Multiple Sequence Alignments

For generating our dataset for the MSA we clustered all Hits into Sequence Identity groups:

  • >90%: 1
  • 60-89%: 59
  • 40-59%: 197
  • 20-39%: 1141

Since we only got one hit with an sequence Identity >90% we decided to group out hits as follows: three groups of sequences with eight members each:

  • 60-99%
  • 40-59%
  • 20-39%

We chose those hits from the respective groups, that have been found by at least 4 methods (overlap of 50%).


id            eVal  identity

# 60-99% sequence identity
Q8BZC2	1.7e-25	90
E1BVP5	e-140	72
H2RVG4	e-141	63
G3VM93	e-105	72
F6ZFQ0	e-139	78
F8WFU8	e-145	86
Q28C61	e-132	68
H2M5L4	e-133	64

# 40-59% sequence identity
G5BTW1	e-133	43
G6FRX8	e-103	39
F7NV91	e-112	39
G1Q6P7	e-120	42
H0WH68	e-135	44
F2PFG6	e-119	40
H2MX25	5e-81	40
Q1Z2X2	e-115	38

# 20-39% sequence identity
Q2F9Q7	e-109	31
Q8YQC1	e-117	41
E1SMZ8	e-108	39
D7E1T3	e-110	36
A5GQV1	7e-92	33
E8LP14	e-107	31
F9TUZ3	e-106	30
A6VUE4	e-101	35


General Results

All in all the three Alignment methods yield comparable results. One can identify several conserved regions. Especially the two groups with sequence identities <60% show very similar MSAs.

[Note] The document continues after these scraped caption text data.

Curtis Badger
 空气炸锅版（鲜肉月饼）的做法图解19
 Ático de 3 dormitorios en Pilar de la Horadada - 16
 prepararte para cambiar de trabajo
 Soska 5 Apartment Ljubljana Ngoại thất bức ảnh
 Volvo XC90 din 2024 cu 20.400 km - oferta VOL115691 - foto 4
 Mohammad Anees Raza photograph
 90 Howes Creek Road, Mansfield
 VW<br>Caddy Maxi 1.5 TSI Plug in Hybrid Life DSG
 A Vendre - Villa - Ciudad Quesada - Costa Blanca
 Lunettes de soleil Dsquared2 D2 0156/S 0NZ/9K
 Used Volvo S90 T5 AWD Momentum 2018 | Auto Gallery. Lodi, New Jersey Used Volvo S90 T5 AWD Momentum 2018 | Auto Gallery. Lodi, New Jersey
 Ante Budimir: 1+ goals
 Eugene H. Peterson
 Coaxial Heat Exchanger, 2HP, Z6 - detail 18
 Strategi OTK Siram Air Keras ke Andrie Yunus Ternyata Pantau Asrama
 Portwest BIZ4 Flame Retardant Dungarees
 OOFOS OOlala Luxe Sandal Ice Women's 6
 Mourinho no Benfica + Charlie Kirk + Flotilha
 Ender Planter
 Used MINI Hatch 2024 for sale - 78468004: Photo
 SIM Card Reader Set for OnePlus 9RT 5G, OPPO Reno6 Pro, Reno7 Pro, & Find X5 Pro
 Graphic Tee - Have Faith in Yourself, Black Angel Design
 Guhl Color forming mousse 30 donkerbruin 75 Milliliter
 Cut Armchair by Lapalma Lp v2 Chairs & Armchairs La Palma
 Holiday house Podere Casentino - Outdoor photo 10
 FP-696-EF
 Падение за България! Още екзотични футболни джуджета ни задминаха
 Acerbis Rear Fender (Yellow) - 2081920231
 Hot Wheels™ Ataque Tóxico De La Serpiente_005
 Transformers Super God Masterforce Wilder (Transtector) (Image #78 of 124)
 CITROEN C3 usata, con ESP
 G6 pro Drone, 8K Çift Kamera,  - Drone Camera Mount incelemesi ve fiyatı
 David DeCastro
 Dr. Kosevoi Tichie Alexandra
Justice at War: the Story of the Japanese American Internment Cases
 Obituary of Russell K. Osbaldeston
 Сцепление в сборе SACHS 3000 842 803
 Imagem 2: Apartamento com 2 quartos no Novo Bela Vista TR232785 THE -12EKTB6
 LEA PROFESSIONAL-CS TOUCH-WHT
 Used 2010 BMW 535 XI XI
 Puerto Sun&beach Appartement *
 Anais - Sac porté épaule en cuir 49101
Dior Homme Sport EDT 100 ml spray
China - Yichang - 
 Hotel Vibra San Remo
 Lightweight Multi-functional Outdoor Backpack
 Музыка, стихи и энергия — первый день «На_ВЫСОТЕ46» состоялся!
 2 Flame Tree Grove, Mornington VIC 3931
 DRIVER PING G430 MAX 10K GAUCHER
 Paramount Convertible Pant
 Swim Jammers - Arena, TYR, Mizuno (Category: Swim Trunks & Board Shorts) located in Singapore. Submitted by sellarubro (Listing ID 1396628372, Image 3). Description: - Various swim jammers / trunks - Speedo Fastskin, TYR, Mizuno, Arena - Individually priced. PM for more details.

There are three strongly conserved motivs located in the first half of the sequences:

  • GGTHGNE
  • DLNR
  • DLHNT

For the second half of the sequence alignments there is no clear concensus about reserved motifs, but several residues are strongly conserved and may be of functional or structural importance.

In the alignment of the >60% group the first two motifs are not colored in the alignment. This is due to two very short sequences which produce gaps in the alignment and thus lower the consensus.

ClustalW

command: clustalw -align -infile=./db_over60.fa -outfile=./clustalw_msa_60.aln


Jalview Representation of the ClustalW Alignment with the dataset with 20-39% sequence identity. Colored are conserved residues (>65%).
Jalview Representation of the ClustalW Alignment with the dataset with 40-59% sequence identity. Colored are conserved residues (>65%).
Jalview Representation of the ClustalW Alignment with the dataset with 60-100% sequence identity.Colored are conserved residues (>65%).

TCoffee

Jalview Representation of the T-Coffee Alignment with the dataset with 20-39% sequence identity. Colored are conserved residues (>65%).
Jalview Representation of the T-Coffee Alignment with the dataset with 40-59% sequence identity. Colored are conserved residues (>65%).
Jalview Representation of the T-Coffee Alignment with the dataset with 60-100% sequence identity.Colored are conserved residues (>65%).

Muscle

Jalview Representation of the Muscle Alignment with the dataset with 20-39% sequence identity. Colored are conserved residues (>65%).
Jalview Representation of the Muscle Alignment with the dataset with 40-59% sequence identity. Colored are conserved residues (>65%).
Jalview Representation of the Muscle Alignment with the dataset with 60-100% sequence identity.Colored are conserved residues (>65%).